What needs to be done: With the line containing "Alt view image" as the start and the line containing "anyfreebie™-Vintage Floral Print" as the end, transcribe that span of the entries below exactly, including both.

Data records
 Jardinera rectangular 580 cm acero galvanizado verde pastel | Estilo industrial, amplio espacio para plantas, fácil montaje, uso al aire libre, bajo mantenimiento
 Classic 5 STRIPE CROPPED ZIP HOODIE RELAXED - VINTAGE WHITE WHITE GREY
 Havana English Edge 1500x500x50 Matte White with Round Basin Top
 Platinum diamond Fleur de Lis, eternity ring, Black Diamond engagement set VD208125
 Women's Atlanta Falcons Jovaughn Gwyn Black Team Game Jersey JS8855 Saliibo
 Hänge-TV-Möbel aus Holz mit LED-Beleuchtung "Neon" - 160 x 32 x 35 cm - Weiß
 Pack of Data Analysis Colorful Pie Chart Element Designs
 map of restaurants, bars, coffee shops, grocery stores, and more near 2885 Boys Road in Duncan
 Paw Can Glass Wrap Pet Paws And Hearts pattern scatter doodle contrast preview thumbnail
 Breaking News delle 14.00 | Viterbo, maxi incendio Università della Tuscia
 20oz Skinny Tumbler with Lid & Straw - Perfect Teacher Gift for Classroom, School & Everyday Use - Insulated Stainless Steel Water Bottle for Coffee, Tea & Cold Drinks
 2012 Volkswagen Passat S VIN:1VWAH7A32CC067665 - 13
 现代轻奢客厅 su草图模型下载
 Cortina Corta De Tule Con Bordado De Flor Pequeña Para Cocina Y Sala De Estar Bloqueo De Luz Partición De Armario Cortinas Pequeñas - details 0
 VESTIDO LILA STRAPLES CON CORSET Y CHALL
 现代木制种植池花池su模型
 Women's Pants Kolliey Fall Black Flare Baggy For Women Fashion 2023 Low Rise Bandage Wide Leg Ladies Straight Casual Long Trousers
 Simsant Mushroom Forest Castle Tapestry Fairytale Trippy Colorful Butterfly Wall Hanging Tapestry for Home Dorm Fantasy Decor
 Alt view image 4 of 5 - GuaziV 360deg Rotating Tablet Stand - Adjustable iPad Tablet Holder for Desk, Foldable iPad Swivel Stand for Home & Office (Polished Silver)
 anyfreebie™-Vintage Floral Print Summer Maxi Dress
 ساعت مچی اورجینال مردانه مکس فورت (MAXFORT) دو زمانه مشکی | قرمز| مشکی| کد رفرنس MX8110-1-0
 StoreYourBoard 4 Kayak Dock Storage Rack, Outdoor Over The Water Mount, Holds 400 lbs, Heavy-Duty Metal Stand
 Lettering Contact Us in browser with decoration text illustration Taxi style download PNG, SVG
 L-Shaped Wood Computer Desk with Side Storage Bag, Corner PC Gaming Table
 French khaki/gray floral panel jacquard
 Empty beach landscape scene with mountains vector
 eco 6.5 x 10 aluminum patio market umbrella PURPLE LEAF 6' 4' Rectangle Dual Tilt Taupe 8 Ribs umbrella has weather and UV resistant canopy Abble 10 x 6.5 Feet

Solution to the exercise:
 Alt view image 4 of 5 - GuaziV 360deg Rotating Tablet Stand - Adjustable iPad Tablet Holder for Desk, Foldable iPad Swivel Stand for Home & Office (Polished Silver)
 anyfreebie™-Vintage Floral Print Summer Maxi Dress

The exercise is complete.